> [What you have to do] Write the entries out again exactly as they stand, but without the pictures.

> [Data for analysis]
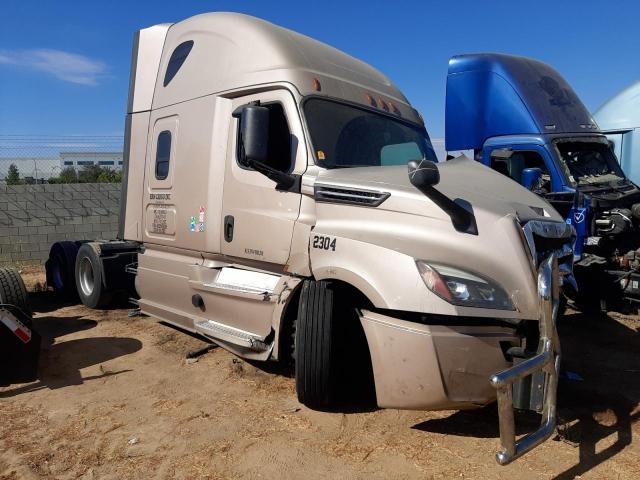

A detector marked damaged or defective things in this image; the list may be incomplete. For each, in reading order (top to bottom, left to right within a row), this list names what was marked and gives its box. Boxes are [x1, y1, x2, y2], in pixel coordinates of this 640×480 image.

damaged semi truck [45, 13, 576, 464]
dented hood [318, 158, 564, 225]
damaged semi truck [448, 54, 640, 310]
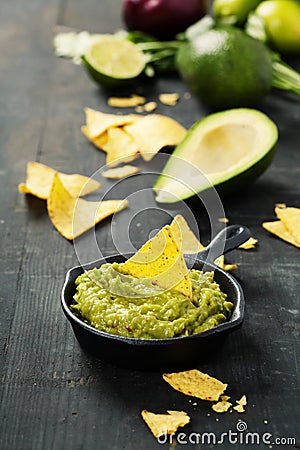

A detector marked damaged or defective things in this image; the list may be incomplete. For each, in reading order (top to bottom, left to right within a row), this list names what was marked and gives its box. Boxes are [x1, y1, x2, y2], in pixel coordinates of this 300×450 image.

broken chip piece [18, 161, 101, 198]
broken chip piece [47, 174, 127, 241]
broken chip piece [162, 370, 227, 400]
broken chip piece [141, 410, 190, 438]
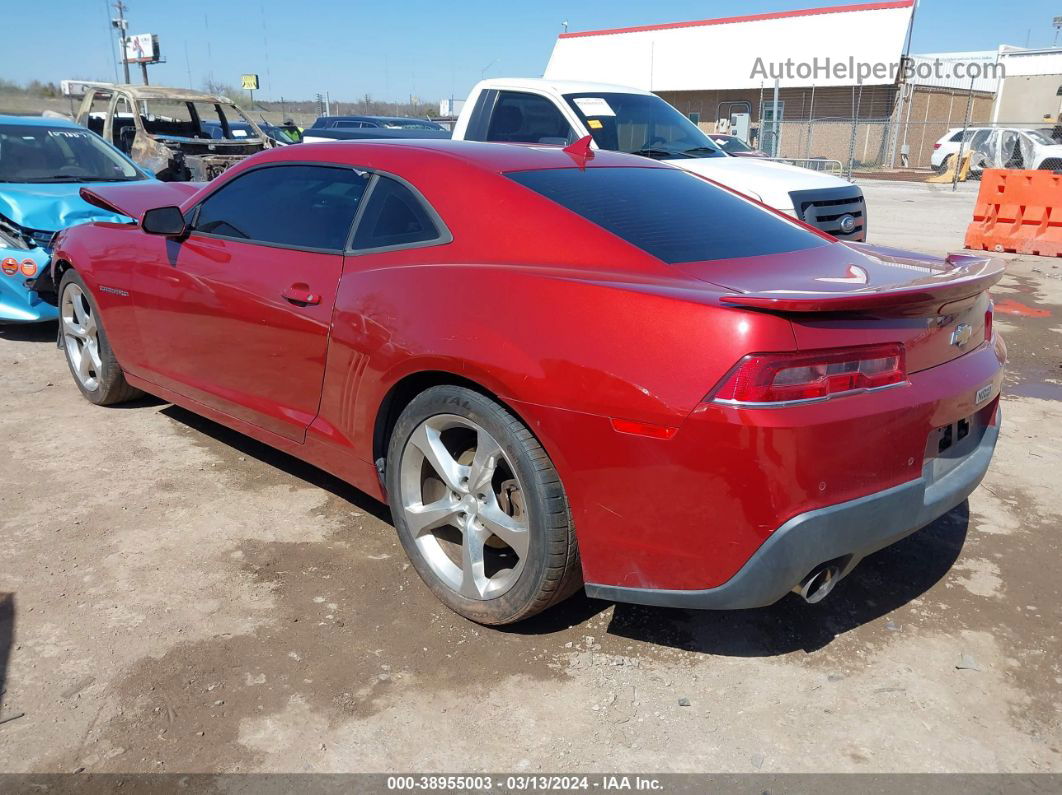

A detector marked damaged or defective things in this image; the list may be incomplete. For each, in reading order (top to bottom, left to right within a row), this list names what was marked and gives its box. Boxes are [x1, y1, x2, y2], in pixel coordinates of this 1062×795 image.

blue damaged car [0, 112, 153, 322]
burned stripped vehicle [74, 85, 273, 181]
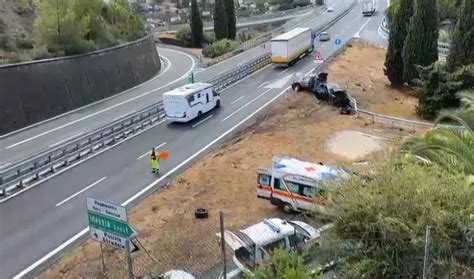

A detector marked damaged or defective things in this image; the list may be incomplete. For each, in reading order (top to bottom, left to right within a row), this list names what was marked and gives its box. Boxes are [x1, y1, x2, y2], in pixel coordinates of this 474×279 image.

crashed black car [290, 73, 354, 116]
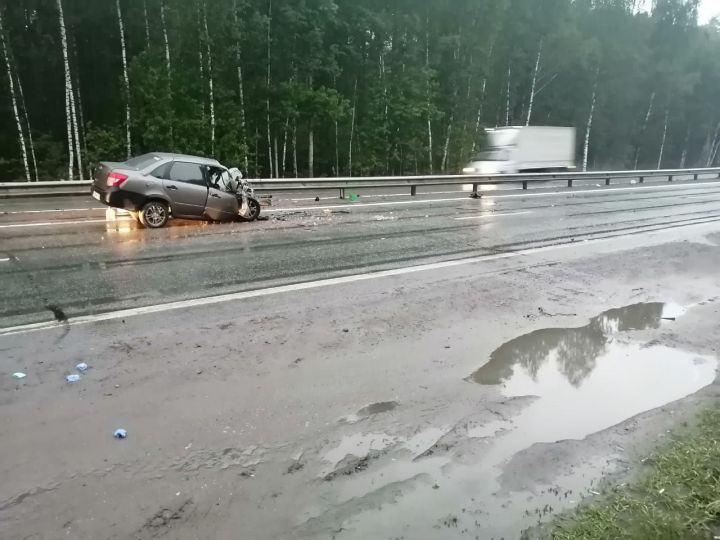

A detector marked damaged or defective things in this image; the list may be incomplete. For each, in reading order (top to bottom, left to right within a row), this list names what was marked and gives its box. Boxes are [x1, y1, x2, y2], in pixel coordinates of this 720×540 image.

damaged gray sedan [90, 152, 262, 228]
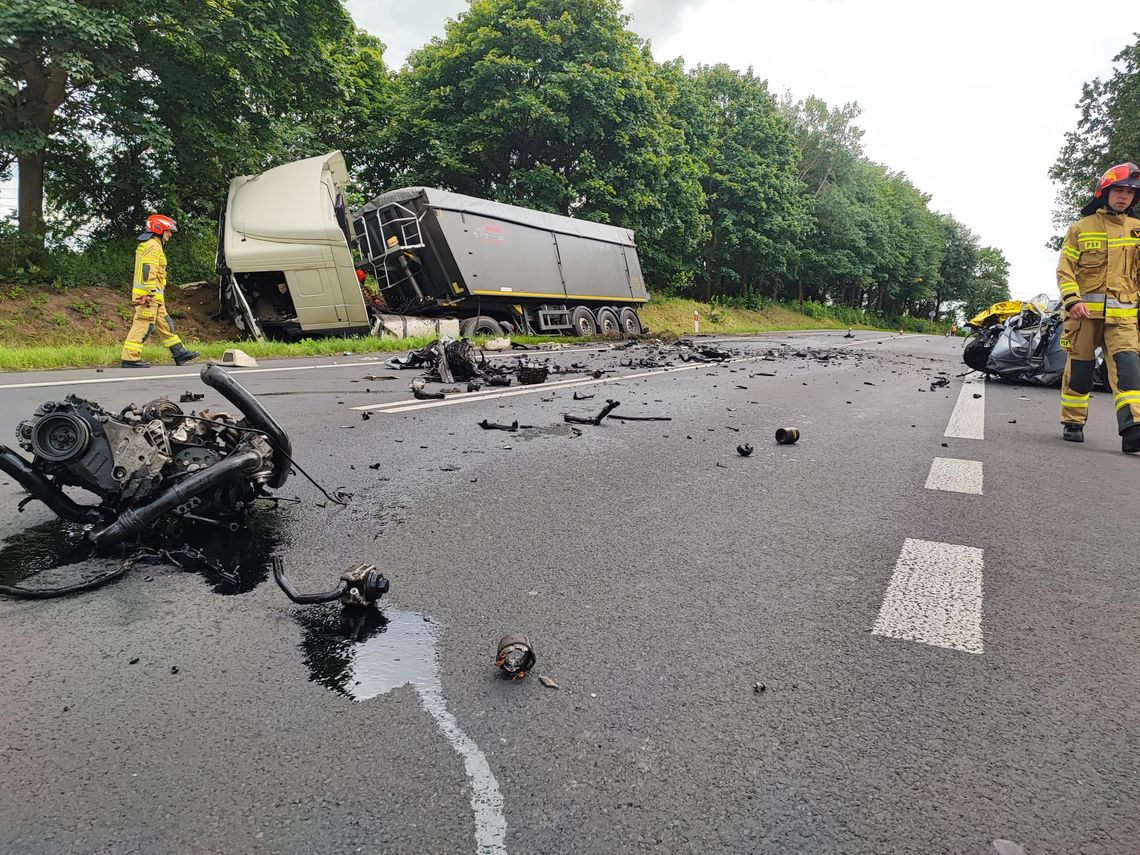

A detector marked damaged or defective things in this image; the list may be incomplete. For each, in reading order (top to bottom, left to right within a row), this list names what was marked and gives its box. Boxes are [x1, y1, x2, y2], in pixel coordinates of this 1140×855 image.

wrecked truck cab [217, 152, 369, 339]
shattered vehicle part [563, 401, 624, 428]
shattered vehicle part [775, 428, 802, 449]
shattered vehicle part [272, 556, 392, 611]
shattered vehicle part [497, 633, 535, 679]
broken plastic part [497, 633, 535, 679]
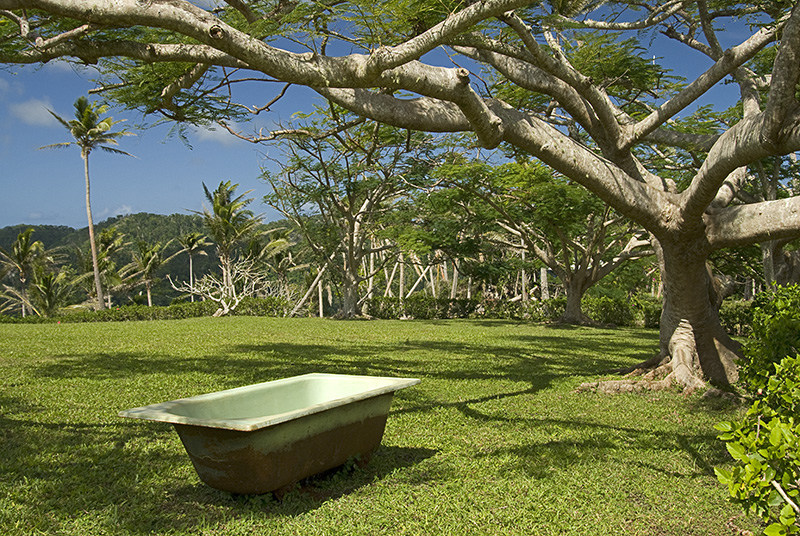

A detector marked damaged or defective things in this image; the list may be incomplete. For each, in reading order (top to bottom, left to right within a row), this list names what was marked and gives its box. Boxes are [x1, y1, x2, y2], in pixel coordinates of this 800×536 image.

rusty bathtub side [120, 372, 418, 494]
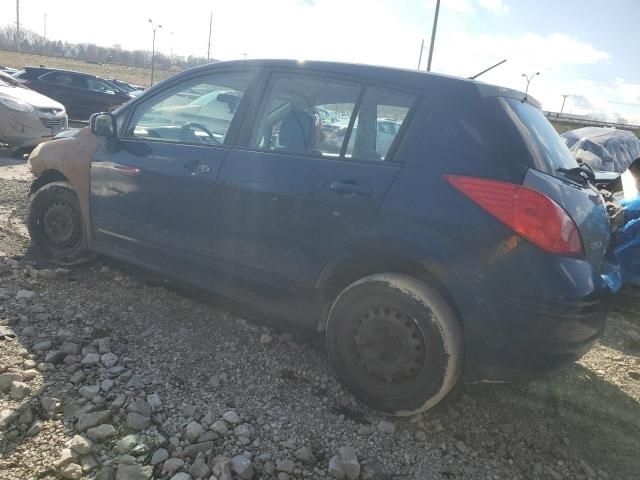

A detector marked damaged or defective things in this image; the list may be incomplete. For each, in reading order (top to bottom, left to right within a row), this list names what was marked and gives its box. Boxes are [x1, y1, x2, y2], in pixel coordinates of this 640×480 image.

wrecked vehicle [0, 70, 68, 147]
wrecked vehicle [560, 126, 640, 173]
wrecked vehicle [26, 59, 620, 412]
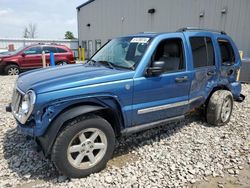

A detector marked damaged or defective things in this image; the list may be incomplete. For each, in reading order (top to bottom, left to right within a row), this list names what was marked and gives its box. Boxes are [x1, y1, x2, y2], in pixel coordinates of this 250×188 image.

damaged vehicle [5, 27, 244, 178]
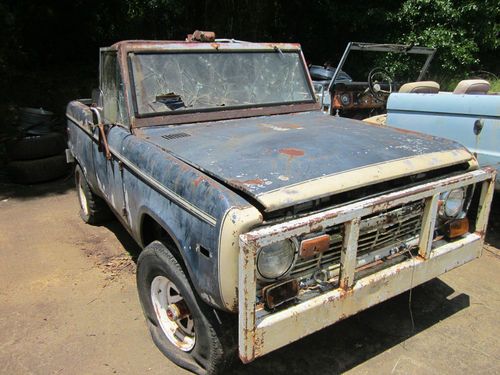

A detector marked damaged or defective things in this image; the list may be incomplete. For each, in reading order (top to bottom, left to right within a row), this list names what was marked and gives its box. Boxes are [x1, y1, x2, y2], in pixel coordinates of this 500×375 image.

cracked windshield [131, 51, 314, 115]
rusty ford bronco [66, 33, 496, 374]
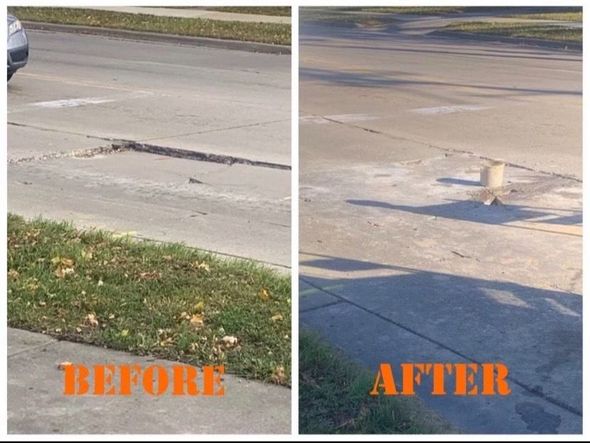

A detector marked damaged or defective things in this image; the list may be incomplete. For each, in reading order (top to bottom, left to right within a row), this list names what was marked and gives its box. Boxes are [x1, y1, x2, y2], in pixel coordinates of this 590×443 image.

> [Response to the task]
A detector marked damaged or defective things in this image; the list may be incomplete. For each, in reading order (top to bottom, left to right within a row), this list names what was marked and gives its box. Boxes are [x1, y1, x2, y2], in pixel coordinates of this 640×480 image.

damaged semi truck [45, 13, 576, 464]
dented hood [318, 158, 564, 225]
damaged semi truck [448, 54, 640, 310]

A detector marked damaged or defective things in this image; the list may be incomplete. For each, in reading order (top to bottom, left to right within a row), this list names what was marked and gives its box. Boxes are [x1, y1, x2, y2], in pixel coordinates of this 300×450 image.

broken chip piece [18, 161, 101, 198]
broken chip piece [47, 174, 127, 241]
broken chip piece [162, 370, 227, 400]
broken chip piece [141, 410, 190, 438]

A detector marked damaged or defective things in this image; the list may be incomplete. For each, in reading order (top to bottom, left to right within a row), this list names what was marked and gives its box. Boxes are [x1, y1, x2, y2], in pixel coordinates of this 1062×795 image.

blue damaged car [0, 112, 153, 322]
burned stripped vehicle [74, 85, 273, 181]

A detector marked damaged or defective things in this image; the list may be incomplete. For each, in reading order (top to bottom, left to right within a row), this list names what was marked and gives its box. Boxes are [x1, y1, x2, y2], in pixel coordinates of this 474×279 image.

crashed black car [290, 73, 354, 116]

A detector marked damaged or defective things in this image; the list may be incomplete. For each, in reading order (top to bottom, left to right within a row), this list names what was marked and gives its box. Boxes are [x1, y1, x2, y2], in pixel coordinates of this 720×540 image.

damaged gray sedan [90, 152, 262, 228]

A detector marked damaged or defective things in this image; the list may be incomplete. For each, in reading order (top to bottom, left to right within a row), this list names what was marked and gives its box. Boxes are [x1, y1, x2, y2], in pixel coordinates of this 1140×855 image.

wrecked truck cab [217, 152, 369, 339]
shattered vehicle part [563, 401, 624, 428]
shattered vehicle part [775, 428, 802, 449]
shattered vehicle part [272, 556, 392, 611]
shattered vehicle part [497, 633, 535, 679]
broken plastic part [497, 633, 535, 679]

A detector marked damaged or defective things in this image; the list may be incomplete. For each, in reading order (top to bottom, left to right within a row), this list names what was marked and gives its box. Boxes are [x1, y1, x2, y2], in pixel coordinates of this 800×536 image.

rusty bathtub side [120, 372, 418, 494]

A detector marked damaged or defective things in this image; the list may be incomplete. For each, in reading order (top to bottom, left to right within a row), this list names what was marked and gives its box. Boxes are [x1, y1, x2, y2], in pixel coordinates of this 640×480 image.

wrecked vehicle [0, 70, 68, 147]
wrecked vehicle [560, 126, 640, 173]
wrecked vehicle [26, 59, 620, 412]

A detector marked damaged or defective things in this image; the list may be incomplete. For each, in reading order (top to bottom, left to right within a row), this list names what was marked and gives its box. Boxes are [x1, y1, x2, y2], in pixel coordinates of this 250×188 image.

damaged vehicle [5, 27, 244, 178]

A detector marked damaged or defective things in this image; the list may be incomplete. For each, in reading order (top to bottom, left to right within a row), this list names what was marked and gives its box. Boxes are [x1, y1, x2, y2], in pixel coordinates of this 500×375 image.

cracked windshield [131, 51, 314, 115]
rusty ford bronco [66, 33, 496, 374]

A detector marked damaged or defective things in this image; the list may be incomplete. For each, in reading order (top to bottom, left to right within a row), this list names what was marked and gives its box. Boxes are [x1, y1, x2, y2], in pixel coordinates of this 590×443 image.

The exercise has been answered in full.